Question about the concat_all_gather function

Haochen-Wang409 / U2PL

[CVPR'22 & IJCV'24] Semi-Supervised Semantic Segmentation Using Unreliable Pseudo-Labels & Using Unreliable Pseudo-Labels for Label-Efficient Semantic Segmentation

Apache License 2.0

437 stars 61 forks source link

Question about the concat_all_gather function #138

Closed Hugo-cell111 closed 1 year ago

Hugo-cell111 commented 1 year ago

Hi! In your code the function "concat_all_gather" is only used in enqueue_and_dequeue function, and the function is processed on CPU. I have 3 questions: 1) why are the prototypes not gathered by using this function? I think the prototype should remain same cross GPUs; 2) when do we need to use this function? 3) why is the keys detached and transfered to CPU before gathering (code link is here ? Thanks!

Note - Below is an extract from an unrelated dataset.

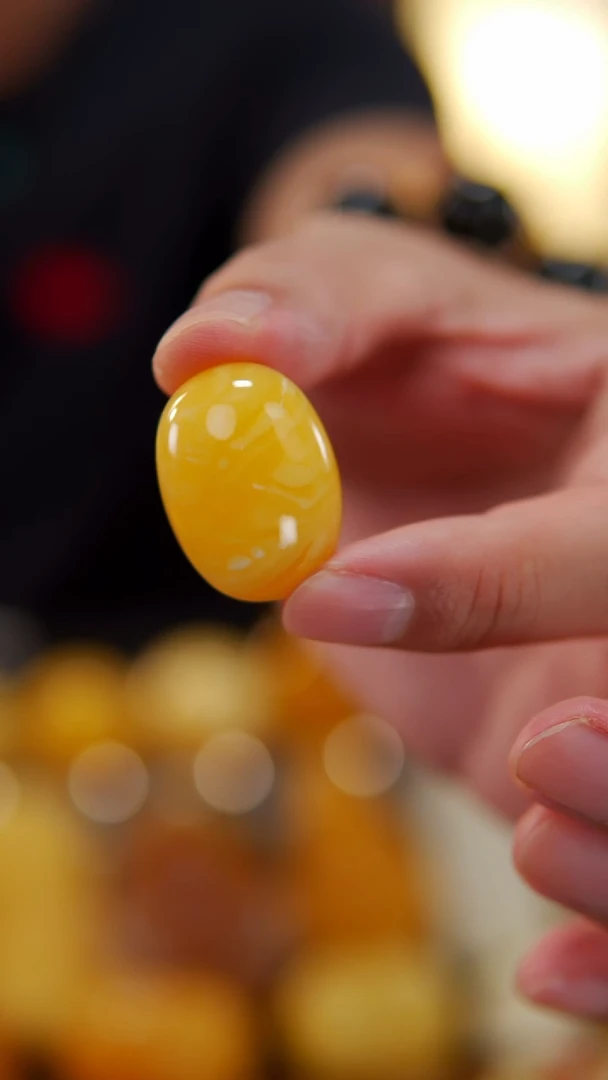 【闪购商品】蜜蜡颈饰未镶嵌焦皮料枣珠9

Haochen-Wang409 commented 1 year ago

Taking the vanilla cross-entropy loss as an example. When we are computing the objective across GPUs, it is not necessarily to ensure that the segmentation logits remain the same. For the same reason, prototypes are not necessarily the same across GPUs, as are queries and their negative keys.
The queue that stores all negative keys should be the same across GPUs, and thus this function is needed.
All negative keys are expected to be detached from the gradient.